New transactions (standards used)

  • Likely a few new transactions that are variations of existing transactions
  • Encounter Management
  • (e.g. based on Patient Encounter Management (ITI-31) with additional requirements to queue up the metadata for image capture.)
  • possibly creation of "placeholder" order?
  • Store Images (e.g. based on WIC)
  • Store Documents (e.g. based on existing document storage)
  • Notification of Procedure
  • Ken can lead a discussion - 2 flavours:
  • (1) might be "out of the blue", no order, no expectation - EMR would like to create a place-holder order with minimal information because that's how EMRs manage things; don't do this until the image is "available" to viewers (e.g. the EMR browser and launched image viewer) - so maybe the VNA should trigger this?
  • EMR may have a checklist for the Nurse to drive capture during the encounter and the checklist might be smart enough to notify the EMR that data was captured and the images themselves will be available "soon". Could also have a notification from the VNA to confirm availability and "close the loop" and tie to the workflow step earlier.
  • (2) nurse may want to document something as part of a normal/planned step in an encounter so it is almost order-based.
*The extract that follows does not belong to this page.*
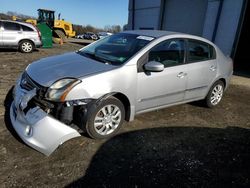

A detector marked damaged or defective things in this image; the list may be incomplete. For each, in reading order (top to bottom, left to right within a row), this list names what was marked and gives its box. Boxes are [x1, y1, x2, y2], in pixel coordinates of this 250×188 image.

damaged front bumper [9, 83, 80, 156]
cracked headlight [44, 78, 80, 101]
EMR knows in advance (maybe only seconds in advance) so proxy order values can be provided/used. This very much helps linking the images to the other artifacts in that encounter. Purpose is known, anatomy is likely known,
  • Then the VNA is finally confirming availability of a known/expected object.

TODO: Draft transactions which will help effort estimate. To be discussed by EBIW group before TC evaluation.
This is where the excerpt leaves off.